The World Health Organization's panel on the ethics of experimental treatment in the Ebola outbreak has come to the conclusion that it is, in fact, ethical to offer untested, experimental drugs or vaccines to patients in West Africa, as long as the proper protocol is taken. The panel emphasized that any plan to distribute medications would require "informed consent, freedom of choice, confidentiality, respect for the person, preservation of dignity and involvement of the community."
"Ebola outbreaks can be contained using available interventions like early detection and isolation, contact tracing and monitoring, and adherence to rigorous procedures of infection control," the panel said. "However, a specific treatment or vaccine would be a potent asset to counter the virus." Still, the panel emphasized that it is unlikely that any medication would have sufficient doses in the near future.
The panel was formed in response to the use of experimental Ebola drug ZMapp on two Americans infected with Ebola. Liberia has announced that it will treat two infected doctors with ZMapp, just as authorities announced that the 75-year-old Spanish missionary infected with Ebola has died. The missionary, Miguel Pajares, had allegedly received the experimental serum after the Spanish Health Ministry obtained it, although hospital officials could not confirm that he was actually administered the drug.
Mapp Biopharmaceutical has since said that its supply of ZMapp has been depleted.
Reuters has more on potential treatments:
GlaxoSmithKline and U.S.. scientists at the National Institute of Allergy and Infectious Diseases hope to start a clinical trial of an experimental Ebola vaccine as soon as next month, after promising test results in primates.

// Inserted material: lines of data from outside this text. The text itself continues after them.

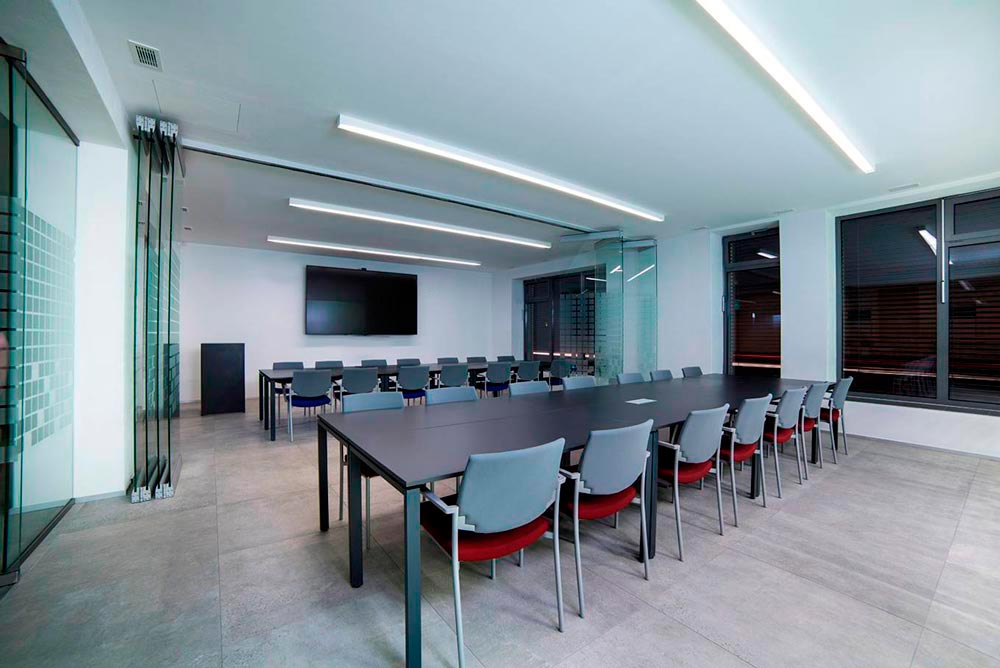 stôl do kancelárie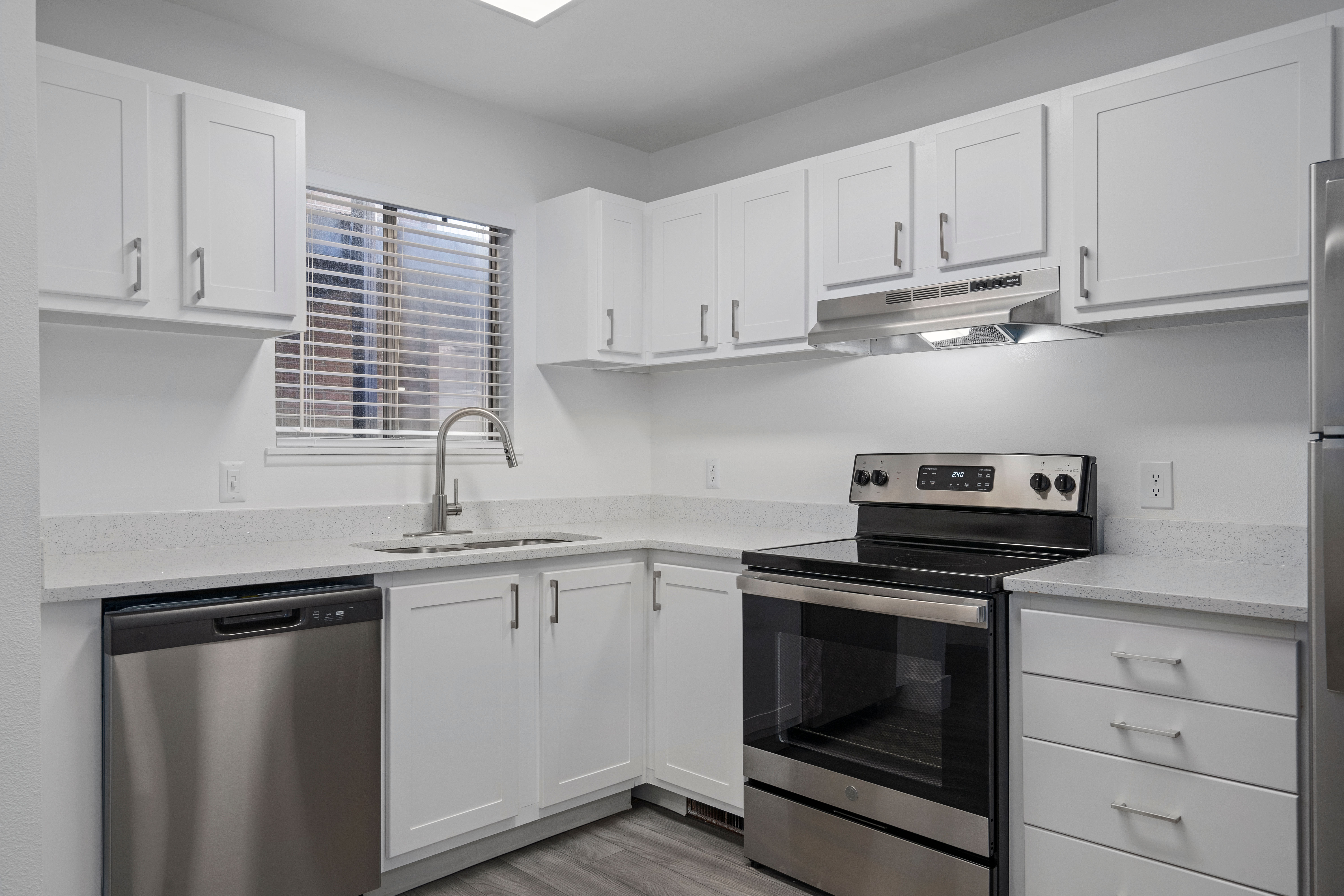 The Franklyn Apartments 2 of 7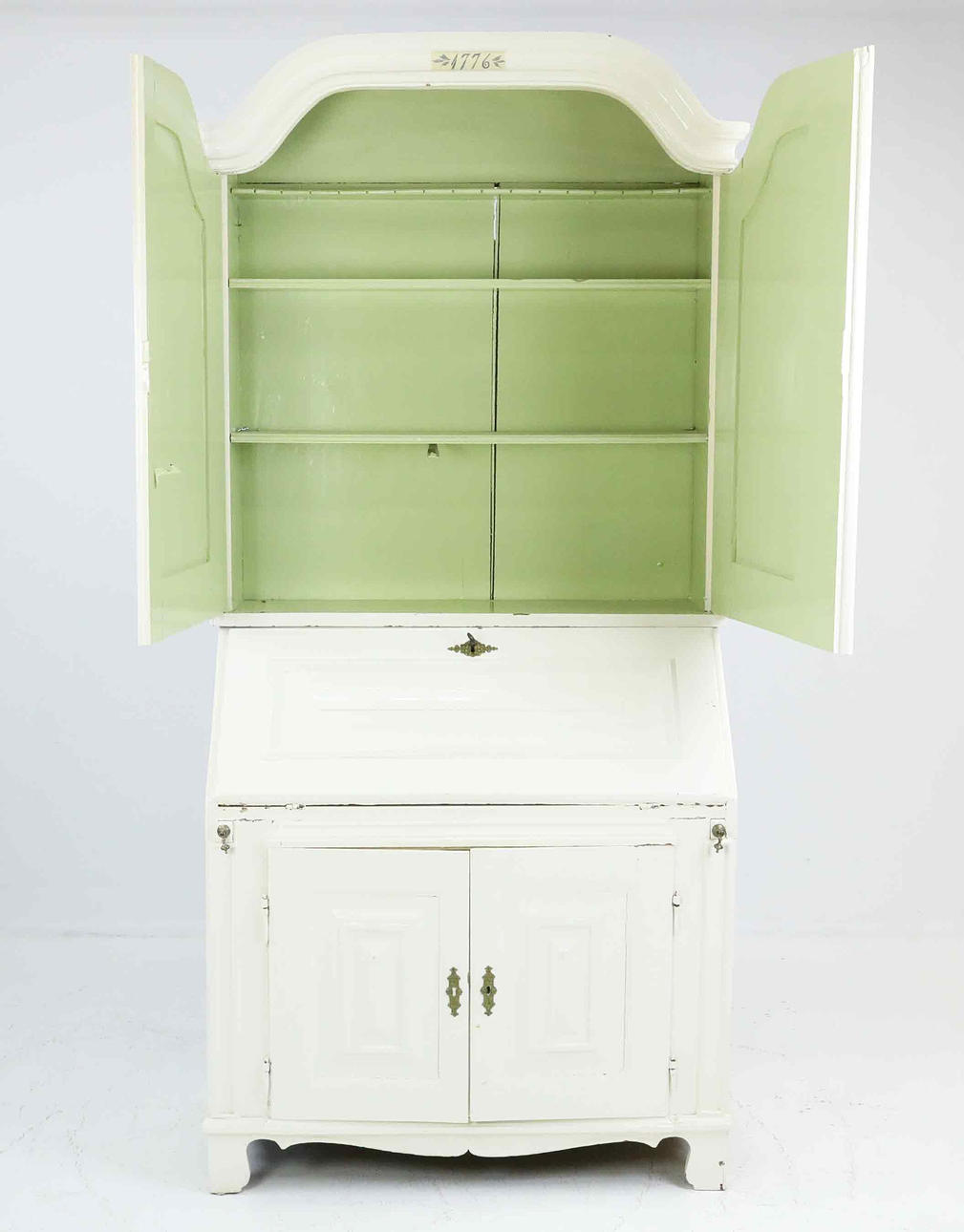 CUPBOARD, circa 17th/18th century.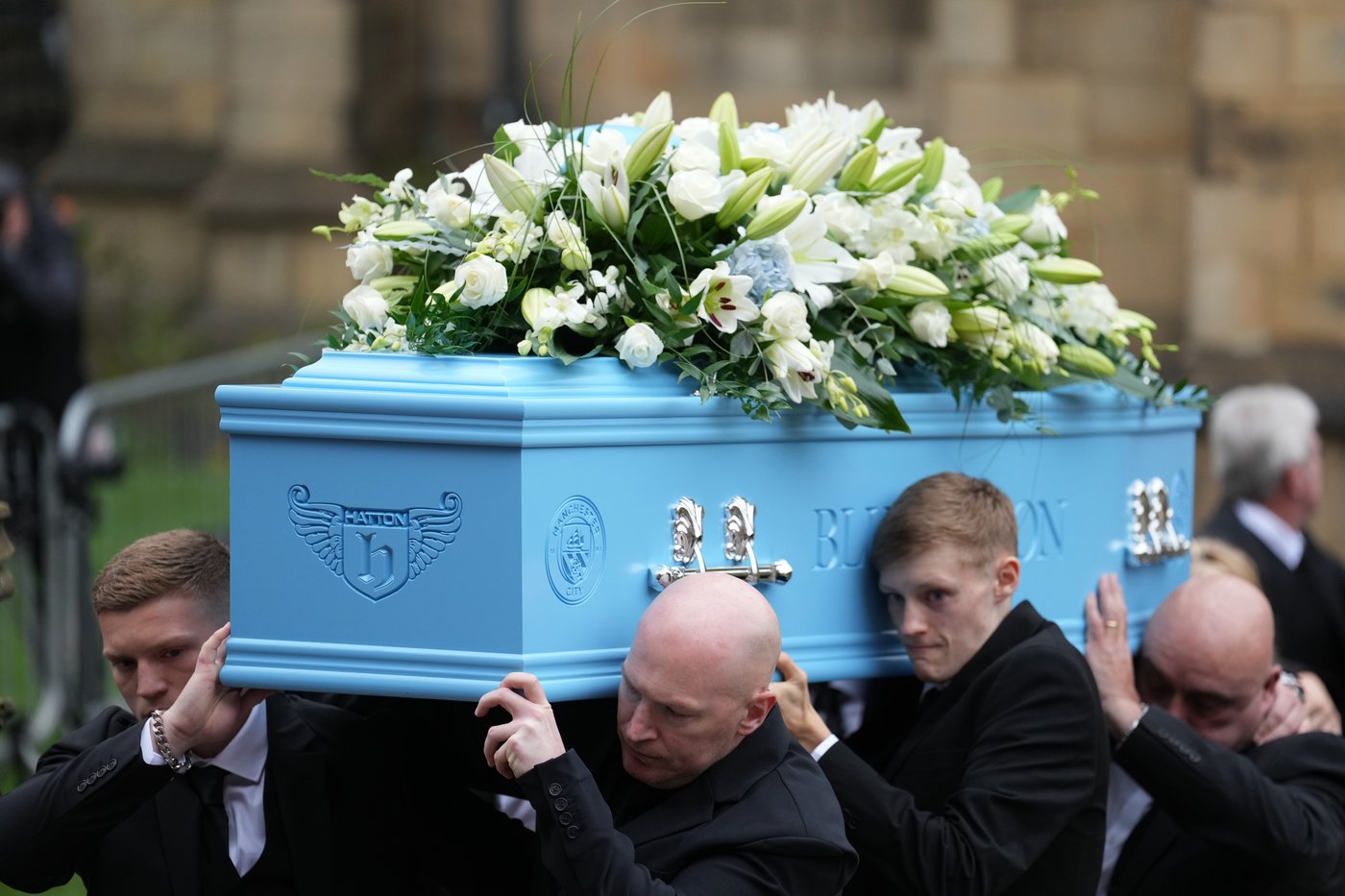 Manchester is saying its last goodbye to boxing icon Ricky Hatton | iNFOnews.ca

It would normally take many years to move such a vaccine through three phases of clinical testing, but some officials have suggested emergency procedures could be put in place to make it available in 201, assuming it works in the early test phase.
Another experimental vaccine from Johnson & Johnson's Crucell unit should enter Phase I clinical trials in late 2015 or early 2016, while Profectus Biosciences is also working with U.S. scientists on another pre-clinical vaccine.
The Ebola virus has now taken 1,013 lives and infected 1,848, according to the latest numbers from the WHO.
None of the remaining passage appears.